The “NFT”, for “non-fungible token” or non-fungible token, is a digital format which makes it possible to associate with any virtual object, whether it is an image, photo, animation, video, or piece of music, a certificate of authenticity recorded on a chain of blocks (or “blockchain”), the technology which serves as the basis in particular for cryptocurrencies such as bitcoin.

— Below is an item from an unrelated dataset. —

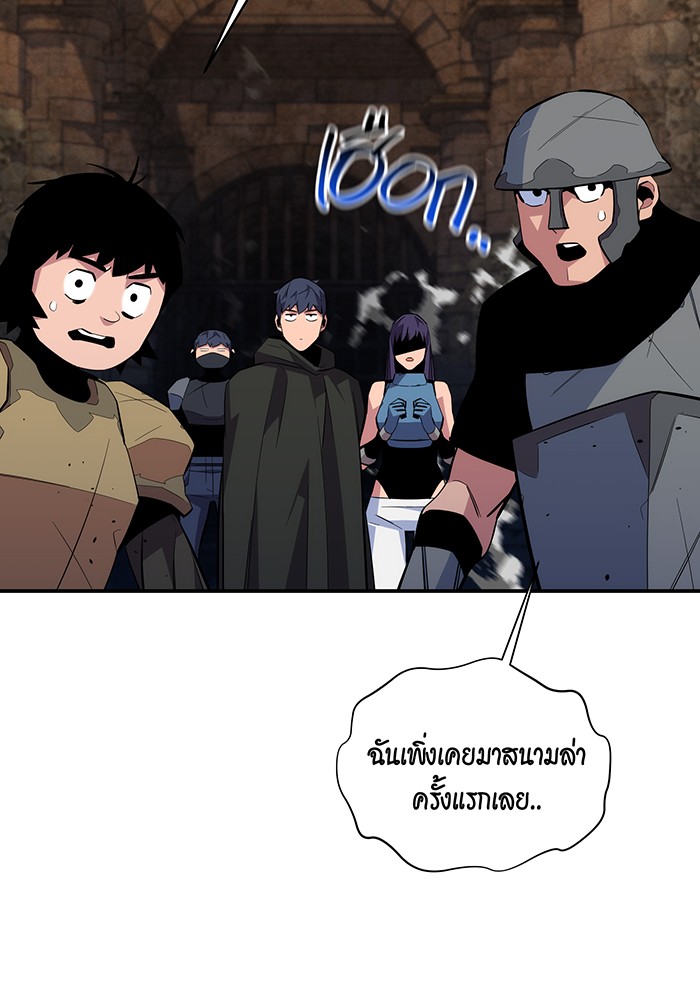 อ่านการ์ตูน Auto Hunting With My Clones 81 ภาพที่ 91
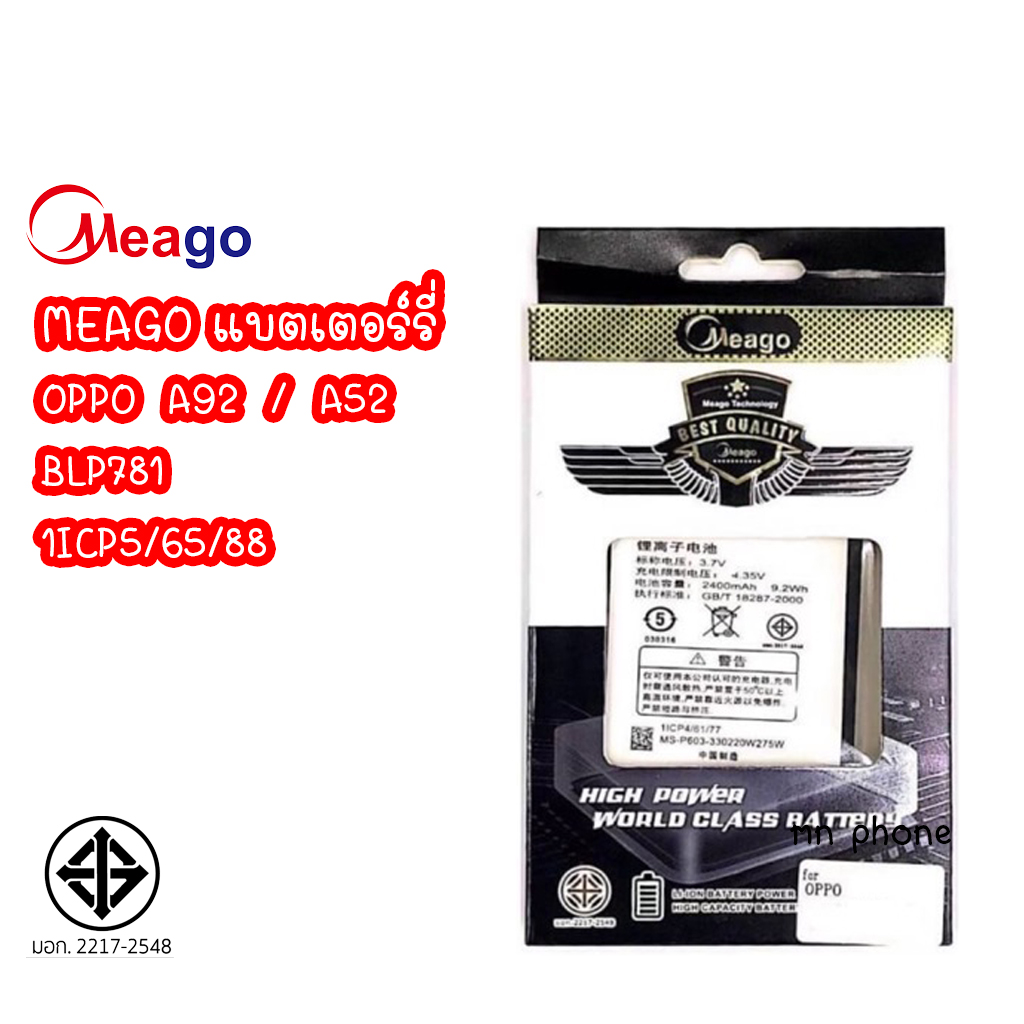 Meago แบตเตอร์รี่ OPPO A92 / A52 / BLP781 / 1ICP5/65/88 OPPOA92 ...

Two major announcements in quick succession, a sign of the acceleration of a trend that began last year: less than a week after the formalization of an “exclusive” and “multi-annual” partnership between the platform cryptocurrency exchange Binance and football superstar Cristiano Ronaldo to create a series of NFT collections, it's Kylian Mbappé's turn to reveal his interest in the world of “web3”, the new internet.

< p>The star striker of the France team will join forces as an “investor and exclusive ambassador” with the French start-up Sorare, creator of an online game for exchanging athletes' stickers at the crossroads of very dynamic sectors: unique digital objects (NFT) and virtual sports leagues (“fantasy sports”). 

After tennis champion Serena Williams, who became an “advisor” to the board of directors and Associate of Sorare since last January, and the footballer investors Gerard Piqué, Rio Ferdinand and Antoine Griezmann, the French unicorn offers itself a new recruit of choice.

“My relationship with fans is very important to me so the idea of ​​bringing unprecedented experiences and access through this NFT platform (with Binance) is something I wanted to be a part of,” said Cristiano Ronaldo, l one of the most followed personalities in the world with more than 500 million “followers” on social networks.

Authenticity or sign of distinction?

If Omar Sy and French basketball player Rudy Gobert support “The Metaverse Marauders”, a collection of 12,000 NFTs representing a whole panel of extraterrestrial creatures, other sports and entertainment stars, such as Neymar, Eminem or Paris Hilton, have posted their membership in the “Bored Ape Yacht Club”, a closed circle of holders of NFTs linked to unique images of apes and sold for more than 200,000 dollars each.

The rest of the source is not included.